AWS went down in the US, but Ethereum kept humming

Despite a minor outage of Amazon Web Services (AWS), the Ethereum network nodes that largely depend on Amazon’s hosting were not affected.

At 12:08 PM PDT on June 13, the cloud service provider reported that they were looking into a rise in error rates and delays in some areas of the United States, and shortly after, the service was temporarily unavailable for about three hours.

The Associated Press and other major news outlets were impacted and unable to produce stories.

Evan Van Ness, a proponent of Ethereum, noted the outage and remarked that the Ethereum network was unaffected.

Ethernodes reports that approximately two-thirds of the Ethereum network is dependent on Amazon hosting services.

Van Ness noted that the effect of the outage could have been more pronounced if it had occurred in Europe, given the 7.1 million Ether (ETH) staked on Lido, which is currently around 35% of the total.

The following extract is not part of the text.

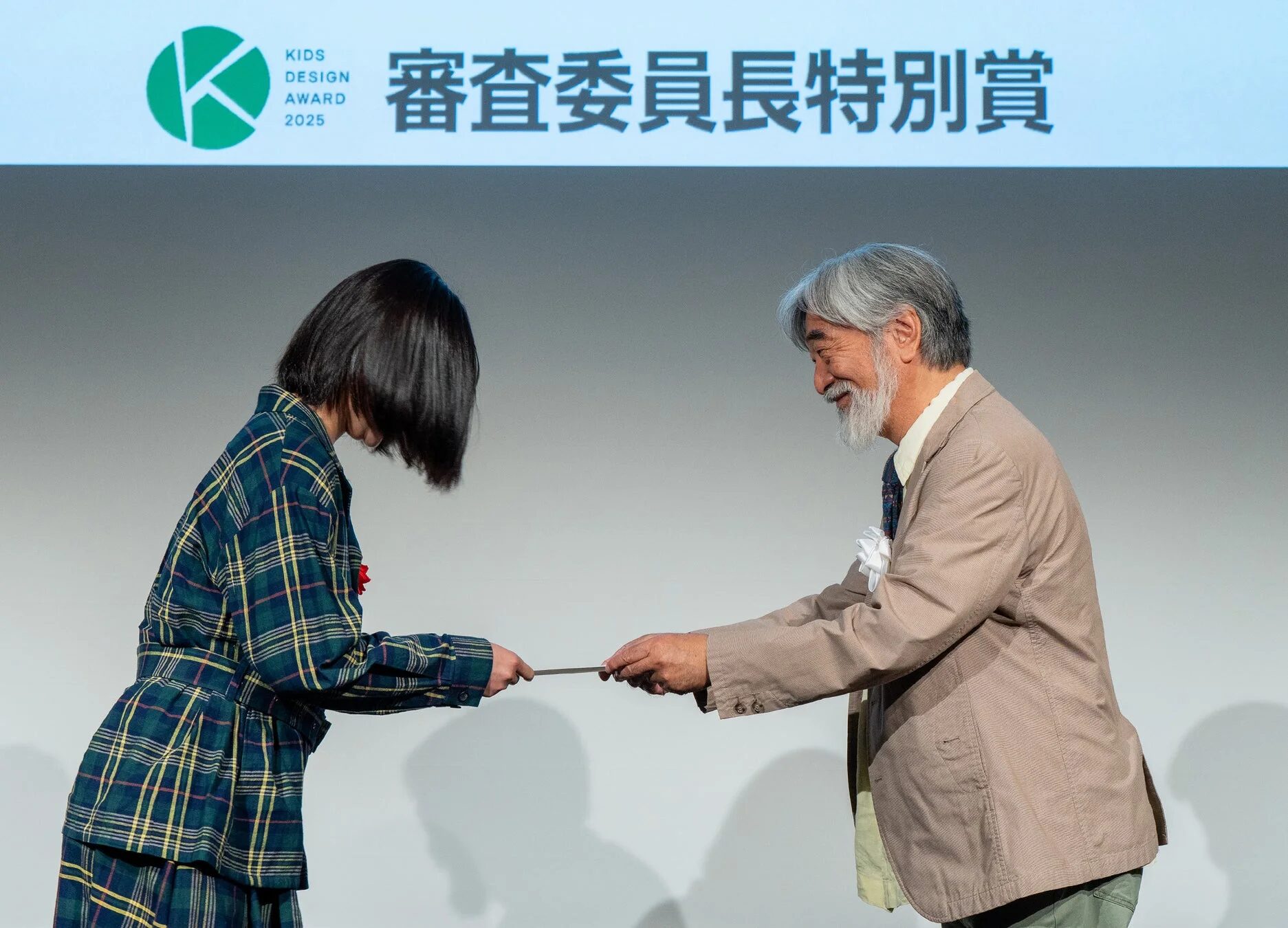 キッズデザインアワード2025の授賞式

Ethereum has been the subject of criticism in the past for its dependence on Infura, an infrastructure provider that furnishes network nodes to various companies and organizations. Many of these companies, as well as the liquid staking platform Lido, are heavily reliant on Amazon Web Services for their cloud hosting needs.

Three cloud providers account for more than two-thirds of Ethereum nodes.

Approximately 20 minutes after the issue was reported, AWS declared that the root cause was related to a service known as AWS Lambda, which allows customers to execute code for various types of applications.

At 3.37 PM PDT, the company announced that the issue with AWS had been resolved and all services were running as normal.

Kinsta, a hosting platform, states that Amazon Web Services (AWS) has the largest share of the cloud hosting market, at 34%.